Performance count for "signal" over 1000 run(s)
Average = 1 microsecs, minimum = 1 microsecs, maximum = 9 microsecs, total = 1154 microsecs
Performance count for "signal" over 1000 run(s)
Average = 1 microsecs, minimum = 1 microsecs, maximum = 12 microsecs, total = 1167 microsecs
Performance count for "signal" over 1000 run(s)
Average = 1 microsecs, minimum = 1 microsecs, maximum = 4 microsecs, total = 1070 microsecs
Performance count for "signal" over 1000 run(s)
Average = 2 microsecs, minimum = 0 microsecs, maximum = 842 microsecs, total = 1981 microsecs
Performance count for "signal" over 1000 run(s)
Average = 1 microsecs, minimum = 1 microsecs, maximum = 11 microsecs, total = 1018 microsecs
Performance count for "signal" over 1000 run(s)

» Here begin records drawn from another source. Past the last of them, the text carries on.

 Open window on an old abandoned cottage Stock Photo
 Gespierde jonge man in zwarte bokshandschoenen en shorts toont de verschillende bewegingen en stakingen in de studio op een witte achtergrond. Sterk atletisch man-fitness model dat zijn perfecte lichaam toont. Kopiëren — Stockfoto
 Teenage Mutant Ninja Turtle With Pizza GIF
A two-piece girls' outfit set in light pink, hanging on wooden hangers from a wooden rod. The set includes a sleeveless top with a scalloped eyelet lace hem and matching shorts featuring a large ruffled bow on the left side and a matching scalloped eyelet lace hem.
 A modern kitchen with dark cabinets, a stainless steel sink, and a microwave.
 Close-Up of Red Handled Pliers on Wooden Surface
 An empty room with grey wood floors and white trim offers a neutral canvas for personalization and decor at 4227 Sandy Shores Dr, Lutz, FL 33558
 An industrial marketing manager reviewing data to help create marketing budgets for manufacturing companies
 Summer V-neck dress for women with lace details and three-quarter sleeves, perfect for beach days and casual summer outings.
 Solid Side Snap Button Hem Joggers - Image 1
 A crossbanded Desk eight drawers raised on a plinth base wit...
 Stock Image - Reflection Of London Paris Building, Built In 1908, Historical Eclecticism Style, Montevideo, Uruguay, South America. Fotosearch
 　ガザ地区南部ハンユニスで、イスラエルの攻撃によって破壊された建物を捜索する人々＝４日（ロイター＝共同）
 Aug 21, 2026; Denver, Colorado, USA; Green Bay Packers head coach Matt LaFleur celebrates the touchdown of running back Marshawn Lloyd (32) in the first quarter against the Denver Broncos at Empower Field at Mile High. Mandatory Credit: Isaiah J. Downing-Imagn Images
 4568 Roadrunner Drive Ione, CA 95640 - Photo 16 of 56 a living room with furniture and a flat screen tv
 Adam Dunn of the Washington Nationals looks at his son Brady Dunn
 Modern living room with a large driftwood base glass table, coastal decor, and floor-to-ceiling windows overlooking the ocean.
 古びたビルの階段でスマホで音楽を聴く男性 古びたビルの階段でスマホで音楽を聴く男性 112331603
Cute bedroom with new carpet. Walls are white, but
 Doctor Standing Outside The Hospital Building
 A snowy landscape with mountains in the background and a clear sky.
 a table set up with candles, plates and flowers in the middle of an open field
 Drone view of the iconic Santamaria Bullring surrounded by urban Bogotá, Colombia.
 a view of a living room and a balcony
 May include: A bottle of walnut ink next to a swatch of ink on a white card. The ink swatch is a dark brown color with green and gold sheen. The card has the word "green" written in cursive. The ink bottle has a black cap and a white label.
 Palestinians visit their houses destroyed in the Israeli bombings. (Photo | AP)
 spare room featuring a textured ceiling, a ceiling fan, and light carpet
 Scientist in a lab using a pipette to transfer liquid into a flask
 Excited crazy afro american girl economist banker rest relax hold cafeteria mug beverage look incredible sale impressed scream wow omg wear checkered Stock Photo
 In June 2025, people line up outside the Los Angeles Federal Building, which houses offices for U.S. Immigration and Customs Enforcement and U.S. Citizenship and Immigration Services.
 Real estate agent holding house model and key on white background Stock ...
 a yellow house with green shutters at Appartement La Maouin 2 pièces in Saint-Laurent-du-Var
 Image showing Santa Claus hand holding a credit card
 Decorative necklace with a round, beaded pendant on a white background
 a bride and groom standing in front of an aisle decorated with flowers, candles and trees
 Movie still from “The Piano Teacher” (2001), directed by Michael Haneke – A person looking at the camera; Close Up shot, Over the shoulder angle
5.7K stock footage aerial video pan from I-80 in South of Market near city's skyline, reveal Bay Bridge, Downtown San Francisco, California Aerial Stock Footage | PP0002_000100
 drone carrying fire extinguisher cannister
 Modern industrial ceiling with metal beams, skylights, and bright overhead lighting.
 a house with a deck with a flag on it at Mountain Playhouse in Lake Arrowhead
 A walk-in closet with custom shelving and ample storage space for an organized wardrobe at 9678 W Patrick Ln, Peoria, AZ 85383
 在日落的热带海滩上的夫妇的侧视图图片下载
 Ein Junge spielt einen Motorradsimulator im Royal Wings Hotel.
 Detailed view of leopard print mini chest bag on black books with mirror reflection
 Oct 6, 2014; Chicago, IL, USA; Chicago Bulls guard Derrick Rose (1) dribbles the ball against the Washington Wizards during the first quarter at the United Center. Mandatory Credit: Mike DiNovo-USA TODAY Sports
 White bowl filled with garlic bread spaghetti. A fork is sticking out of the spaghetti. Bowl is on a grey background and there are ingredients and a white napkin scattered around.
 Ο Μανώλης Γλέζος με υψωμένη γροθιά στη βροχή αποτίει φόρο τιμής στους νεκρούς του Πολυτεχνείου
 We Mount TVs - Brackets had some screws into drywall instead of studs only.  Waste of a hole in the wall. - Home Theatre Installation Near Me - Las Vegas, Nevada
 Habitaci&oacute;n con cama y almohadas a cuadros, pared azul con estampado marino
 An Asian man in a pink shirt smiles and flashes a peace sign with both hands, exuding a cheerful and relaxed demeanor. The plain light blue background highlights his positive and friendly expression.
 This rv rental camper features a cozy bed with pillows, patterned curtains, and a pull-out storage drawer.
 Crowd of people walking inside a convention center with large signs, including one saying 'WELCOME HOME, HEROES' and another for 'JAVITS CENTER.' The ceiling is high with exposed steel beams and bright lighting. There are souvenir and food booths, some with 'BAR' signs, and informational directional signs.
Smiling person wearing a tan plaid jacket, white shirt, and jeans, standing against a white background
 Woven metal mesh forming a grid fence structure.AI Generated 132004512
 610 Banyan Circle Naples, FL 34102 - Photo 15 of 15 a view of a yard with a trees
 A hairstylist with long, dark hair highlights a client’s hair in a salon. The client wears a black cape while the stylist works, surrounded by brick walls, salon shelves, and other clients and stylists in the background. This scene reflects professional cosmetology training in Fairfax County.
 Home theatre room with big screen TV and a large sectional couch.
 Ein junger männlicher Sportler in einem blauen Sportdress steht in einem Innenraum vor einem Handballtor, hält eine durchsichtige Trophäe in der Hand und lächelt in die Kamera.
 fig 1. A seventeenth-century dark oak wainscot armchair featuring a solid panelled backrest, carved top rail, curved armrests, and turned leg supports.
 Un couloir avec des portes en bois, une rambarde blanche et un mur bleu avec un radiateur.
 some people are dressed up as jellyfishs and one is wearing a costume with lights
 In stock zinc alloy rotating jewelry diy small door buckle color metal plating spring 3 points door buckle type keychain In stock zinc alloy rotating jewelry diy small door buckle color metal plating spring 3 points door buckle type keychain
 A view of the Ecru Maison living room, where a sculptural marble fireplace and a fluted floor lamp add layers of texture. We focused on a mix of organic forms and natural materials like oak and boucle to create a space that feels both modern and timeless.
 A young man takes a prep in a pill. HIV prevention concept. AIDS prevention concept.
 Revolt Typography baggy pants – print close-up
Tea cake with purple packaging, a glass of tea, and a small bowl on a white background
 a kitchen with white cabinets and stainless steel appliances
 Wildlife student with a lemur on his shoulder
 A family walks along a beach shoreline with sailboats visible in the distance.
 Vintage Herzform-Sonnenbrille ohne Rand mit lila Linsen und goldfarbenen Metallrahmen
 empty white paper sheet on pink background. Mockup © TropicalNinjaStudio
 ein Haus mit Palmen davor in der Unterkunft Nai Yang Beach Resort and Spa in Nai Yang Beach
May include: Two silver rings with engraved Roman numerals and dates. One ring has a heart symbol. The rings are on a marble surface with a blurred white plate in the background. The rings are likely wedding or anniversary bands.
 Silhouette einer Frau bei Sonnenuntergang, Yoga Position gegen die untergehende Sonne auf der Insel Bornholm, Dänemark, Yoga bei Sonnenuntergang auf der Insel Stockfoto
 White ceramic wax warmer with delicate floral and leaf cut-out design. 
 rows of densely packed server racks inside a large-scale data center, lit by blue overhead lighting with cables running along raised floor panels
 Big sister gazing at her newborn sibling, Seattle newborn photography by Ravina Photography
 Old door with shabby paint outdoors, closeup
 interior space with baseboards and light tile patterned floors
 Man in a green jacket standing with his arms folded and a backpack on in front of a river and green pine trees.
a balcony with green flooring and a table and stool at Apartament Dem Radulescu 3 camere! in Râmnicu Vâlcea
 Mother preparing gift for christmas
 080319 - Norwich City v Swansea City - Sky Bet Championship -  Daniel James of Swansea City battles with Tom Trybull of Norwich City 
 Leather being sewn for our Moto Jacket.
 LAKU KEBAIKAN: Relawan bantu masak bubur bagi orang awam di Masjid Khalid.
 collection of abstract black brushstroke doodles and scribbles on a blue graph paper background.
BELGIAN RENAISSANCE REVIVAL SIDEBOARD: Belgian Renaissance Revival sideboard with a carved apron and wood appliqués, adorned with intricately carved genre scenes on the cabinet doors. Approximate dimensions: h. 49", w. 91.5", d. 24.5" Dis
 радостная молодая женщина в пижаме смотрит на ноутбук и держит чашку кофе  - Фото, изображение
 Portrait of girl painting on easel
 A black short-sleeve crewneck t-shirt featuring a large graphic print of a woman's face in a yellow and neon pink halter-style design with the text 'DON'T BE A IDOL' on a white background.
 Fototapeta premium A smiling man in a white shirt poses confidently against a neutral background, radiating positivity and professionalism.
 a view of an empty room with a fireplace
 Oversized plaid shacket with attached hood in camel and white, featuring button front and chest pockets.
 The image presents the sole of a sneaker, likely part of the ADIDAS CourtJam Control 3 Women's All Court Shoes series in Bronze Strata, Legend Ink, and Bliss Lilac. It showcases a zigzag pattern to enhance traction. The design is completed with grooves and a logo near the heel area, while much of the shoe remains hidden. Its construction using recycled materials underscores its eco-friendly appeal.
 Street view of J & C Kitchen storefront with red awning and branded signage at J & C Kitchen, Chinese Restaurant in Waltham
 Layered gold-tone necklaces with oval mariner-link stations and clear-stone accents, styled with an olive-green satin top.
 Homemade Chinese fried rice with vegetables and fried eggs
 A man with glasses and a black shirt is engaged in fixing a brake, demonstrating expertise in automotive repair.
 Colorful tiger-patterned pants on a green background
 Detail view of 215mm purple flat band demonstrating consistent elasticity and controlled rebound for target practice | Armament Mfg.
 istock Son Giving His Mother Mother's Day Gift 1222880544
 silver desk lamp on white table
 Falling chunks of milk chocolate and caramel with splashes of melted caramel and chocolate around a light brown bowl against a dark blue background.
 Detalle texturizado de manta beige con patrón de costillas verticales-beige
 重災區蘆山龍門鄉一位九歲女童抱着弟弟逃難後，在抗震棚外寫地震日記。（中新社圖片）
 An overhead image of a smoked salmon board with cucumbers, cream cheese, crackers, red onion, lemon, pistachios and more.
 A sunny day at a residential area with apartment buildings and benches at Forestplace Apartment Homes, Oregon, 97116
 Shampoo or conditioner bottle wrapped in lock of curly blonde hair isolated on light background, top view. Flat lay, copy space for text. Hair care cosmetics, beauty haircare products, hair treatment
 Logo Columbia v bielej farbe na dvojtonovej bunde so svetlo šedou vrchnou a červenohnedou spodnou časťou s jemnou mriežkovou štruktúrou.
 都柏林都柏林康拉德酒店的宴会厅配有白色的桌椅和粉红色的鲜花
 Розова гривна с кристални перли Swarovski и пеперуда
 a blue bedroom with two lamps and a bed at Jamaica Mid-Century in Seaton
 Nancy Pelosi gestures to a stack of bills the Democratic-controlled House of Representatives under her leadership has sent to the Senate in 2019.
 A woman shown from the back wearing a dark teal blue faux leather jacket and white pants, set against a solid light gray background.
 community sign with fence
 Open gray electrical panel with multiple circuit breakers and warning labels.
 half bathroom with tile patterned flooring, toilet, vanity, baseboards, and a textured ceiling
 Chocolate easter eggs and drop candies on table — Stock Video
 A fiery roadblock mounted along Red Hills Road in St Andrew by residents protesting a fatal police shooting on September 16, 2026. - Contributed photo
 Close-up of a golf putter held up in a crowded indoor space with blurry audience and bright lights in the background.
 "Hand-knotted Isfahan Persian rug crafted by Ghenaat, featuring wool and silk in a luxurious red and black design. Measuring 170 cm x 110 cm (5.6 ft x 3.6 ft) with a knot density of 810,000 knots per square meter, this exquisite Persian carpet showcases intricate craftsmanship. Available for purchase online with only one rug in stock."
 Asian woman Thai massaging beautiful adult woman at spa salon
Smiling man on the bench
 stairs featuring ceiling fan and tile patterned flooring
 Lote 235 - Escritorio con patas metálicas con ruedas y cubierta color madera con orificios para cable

Average = 1 microsecs, minimum = 1 microsecs, maximum = 3 microsecs, total = 938 microsecs
Performance count for "signal" over 1000 run(s)
Average = 1 microsecs, minimum = 1 microsecs, maximum = 13 microsecs, total = 907 microsecs
Performance count for "signal" over 1000 run(s)
Average = 1 microsecs, minimum = 1 microsecs, maximum = 49 microsecs, total = 1146 microsecs

I also updated it so it calls the callbacks in the order they were triggered.